### What to produce
Although the entries contain pictures, write out only their text, exactly as it stands.

### Data to use
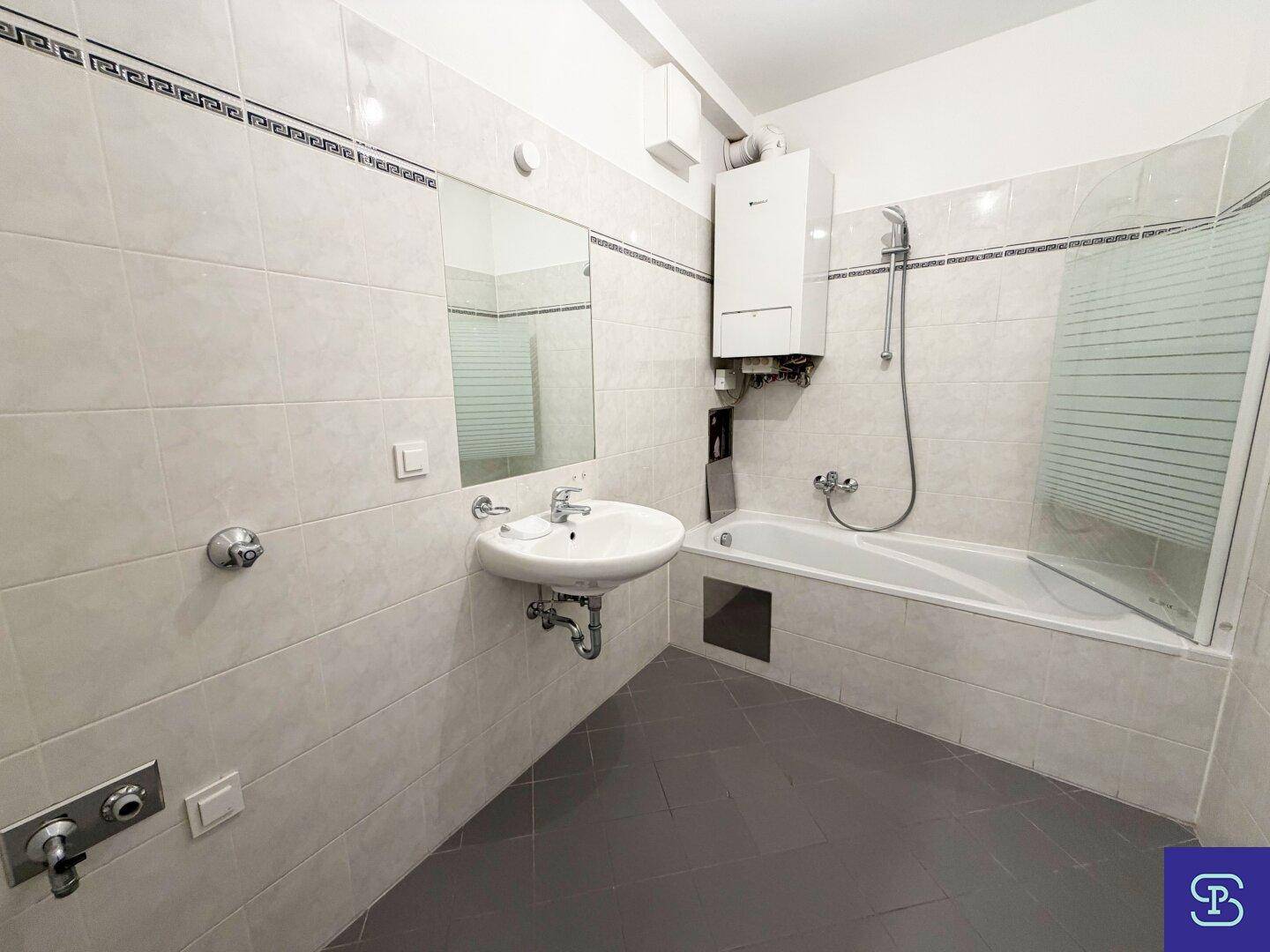 Gefliestes Badezimmer mit Badewanne, Waschbecken und Wandspiegel, inklusive Warmwasserbereiter.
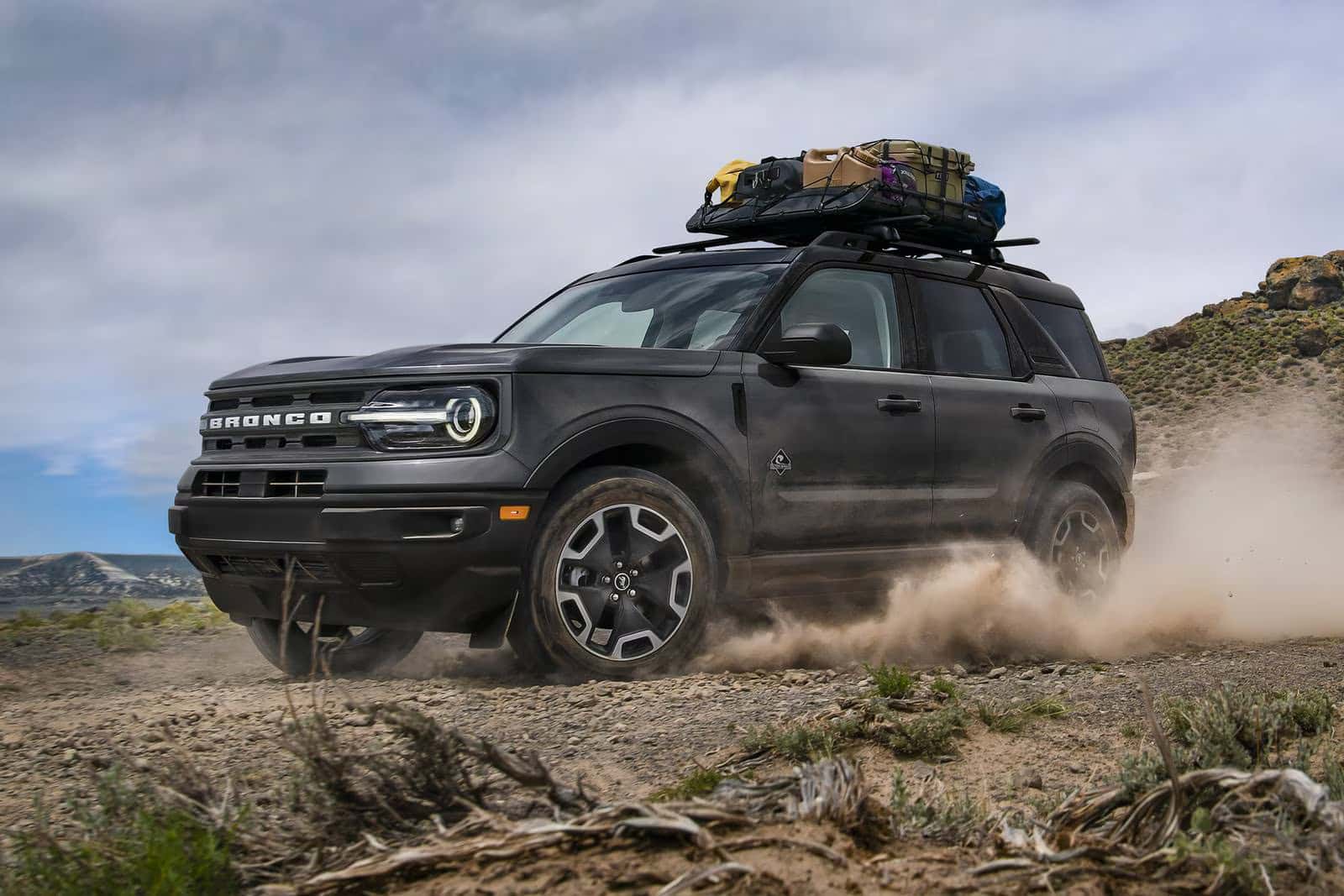 ford bronco sport driving in a rocky desert terrain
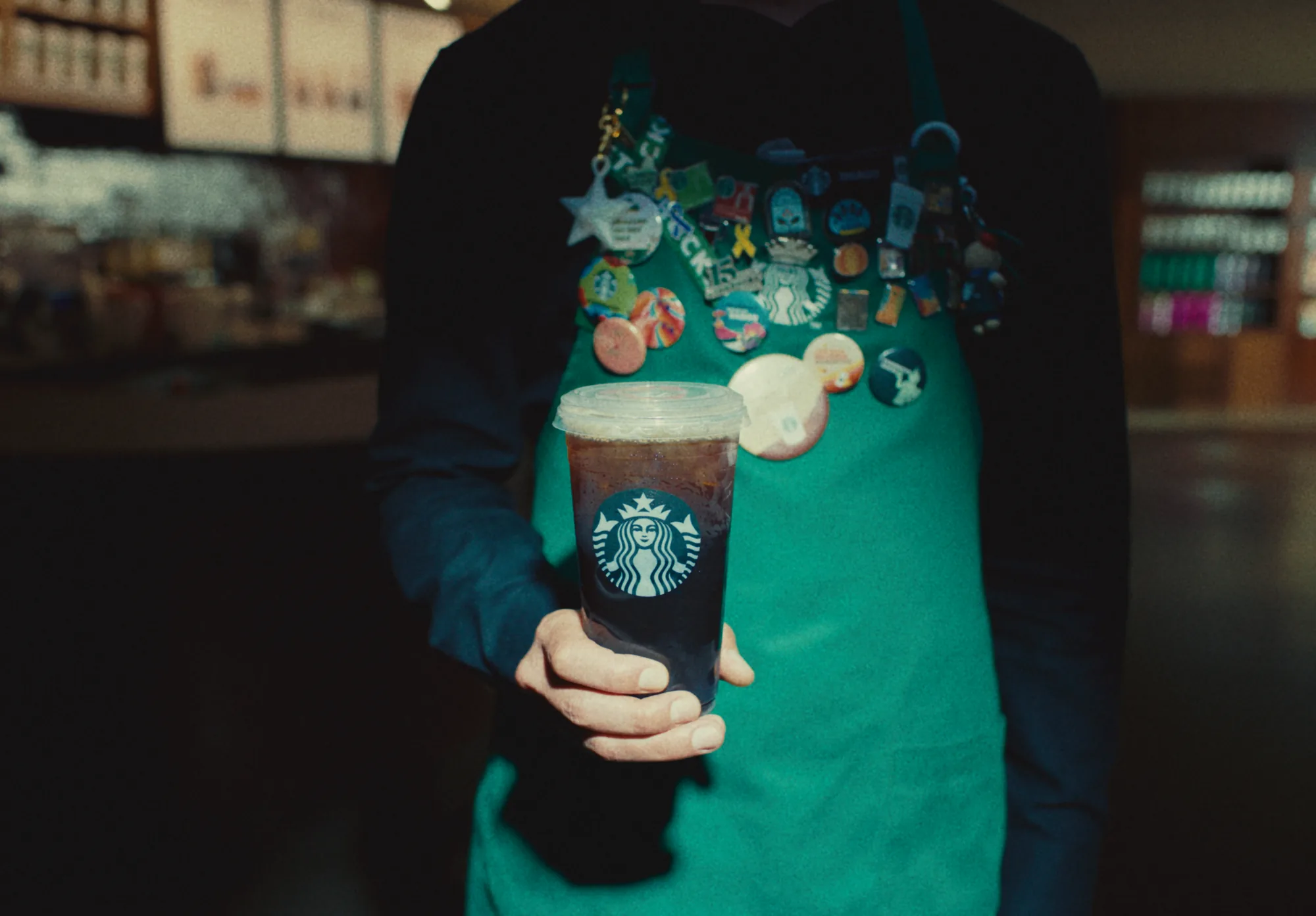 Copo Starbucks segurado à frente de um avental cheio de pins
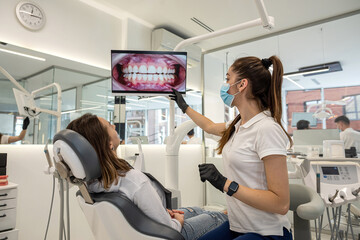 Dentist examining a patient's teeth during a checkup related to sleep apnea and oral health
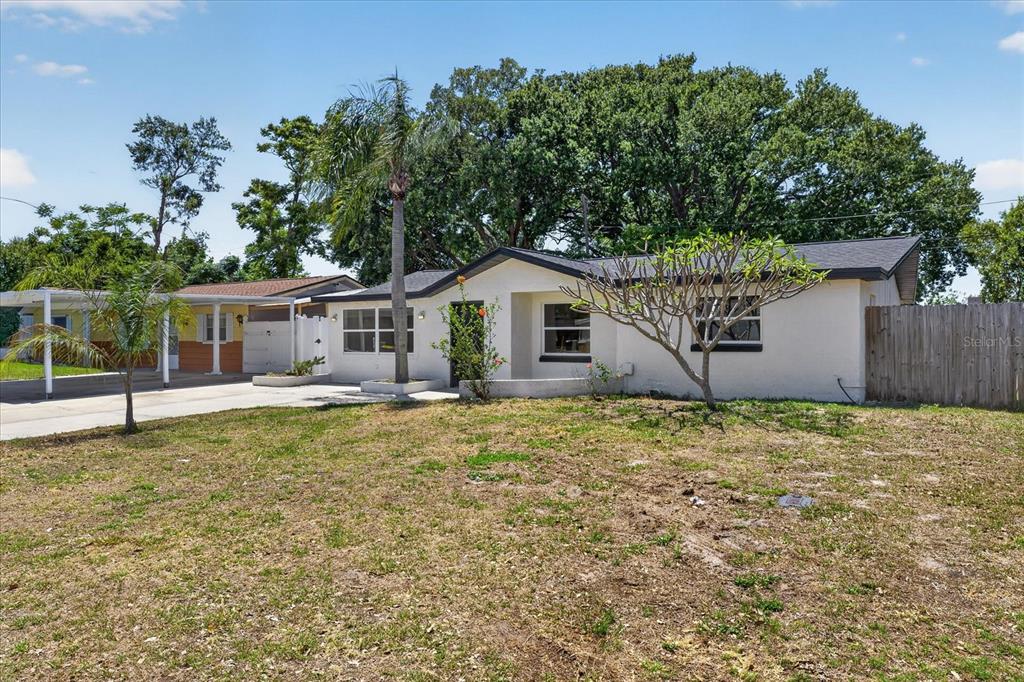 A single-story house with a carport, a palm tree, and a sparse front lawn — 3851 SATURN DRIVE, NEW PORT RICHEY, FL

### Written response
 Gefliestes Badezimmer mit Badewanne, Waschbecken und Wandspiegel, inklusive Warmwasserbereiter.
 ford bronco sport driving in a rocky desert terrain
 Copo Starbucks segurado à frente de um avental cheio de pins
 Dentist examining a patient's teeth during a checkup related to sleep apnea and oral health
 A single-story house with a carport, a palm tree, and a sparse front lawn — 3851 SATURN DRIVE, NEW PORT RICHEY, FL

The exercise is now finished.